Before entering the King's State Apartments, one had to climb the Ambassadors Staircase - a suitable entrance as its magnificence matched the grandness of the apartments. The Ambassadors Staircase (Escalier des Ambassadeurs) was built in 1674 but was finished in 1680. Although it was designed by architect Louis Le Vau, the staircase was built by François d’Orbay and was primarily painted by Charles Le Brun. Destroyed in 1752, the staircase was the entrance to the King’s Apartments and was the official grand entrance into the Chateau, specifically intended to astonish and impress foreign dignitaries.At the time of its creation, Versailles was transitioning to reflect governmental power and authority instead of a private home for the crown. The staircases’ primal function and the details it encompasses reinforces this progression at Versailles.

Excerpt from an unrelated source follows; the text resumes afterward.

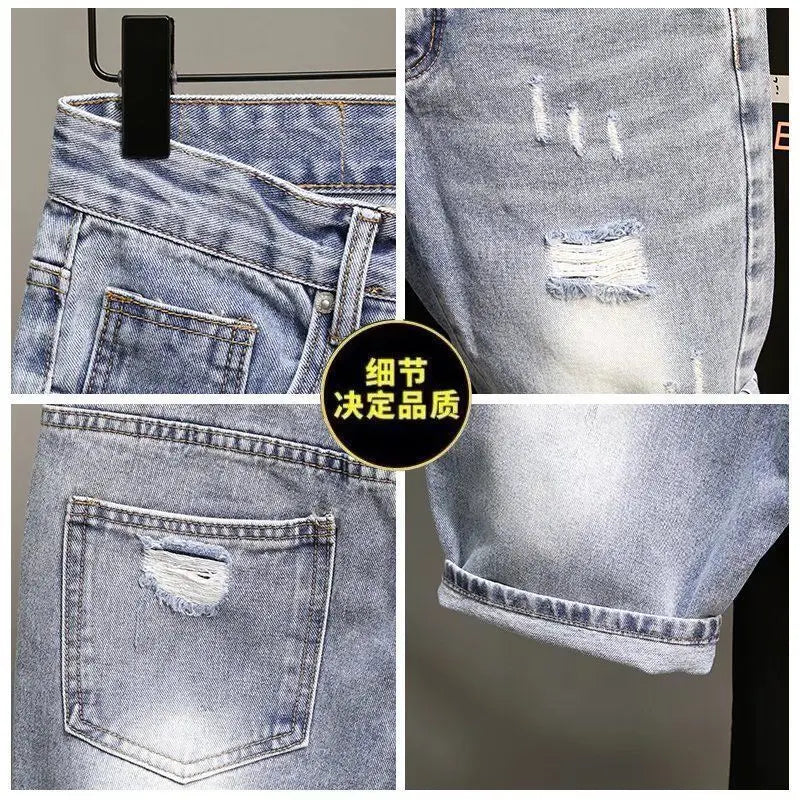 Trendy Summer Denim Shorts for Men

The staircase incorporates allegories of the Four Parts of the World on the vault and representation of crowds of foreign visitors on the walls.The staircase was lit from above with a skylight – a fairly advanced quality for seventeenth century architecture and is thought to have played a symbolic role in the connection with the scenes of the kings heroism depicted by Le Brun. Additionally, it is known to include Thalia (the muse of Comedy), Melpomene, Calliope, and Apollo (Louis XIV’s emblem) and the twelve months of the year. References to the greater world, such as the depiction of the twelve months of the year and the four parts of the world, circle back to Louis XIV’s mentality of Versailles symbolizing supreme and divine power which in turn, reflects Louis XIV’s desired depiction of his reign.
The construction of the Hall of Mirrors between 1678 and 1686 coincided with a major alteration to the State Apartments. They were originally intended as his residence, but the King transformed them into galleries for his finest paintings, and venues for his many receptions for courtiers. During the season from All-Saints Day in November until Easter, these were usually held three times a week, from six to ten in the evening, with various entertainments.
This was originally a chapel. It was rebuilt beginning in 1712 as a showcase for the painting Meal at the House of Simon the Pharisee by Paolo Veronese, which was a gift to Louis XIV from the Republic of Venice in 1664. The painting on the ceiling, The Apotheosis of Hercules, by François Lemoyne, was completed in 1712, and gave the room its name.
The Salon of Abundance was the antechamber to the Cabinet of Curios (now the Games Room), which displayed Louis XIV's collection of precious jewels and rare objects. Some of the objects in the collection are depicted in René-Antoine Houasse's painting Abundance and Liberality (1683), located on the ceiling over the door opposite the windows.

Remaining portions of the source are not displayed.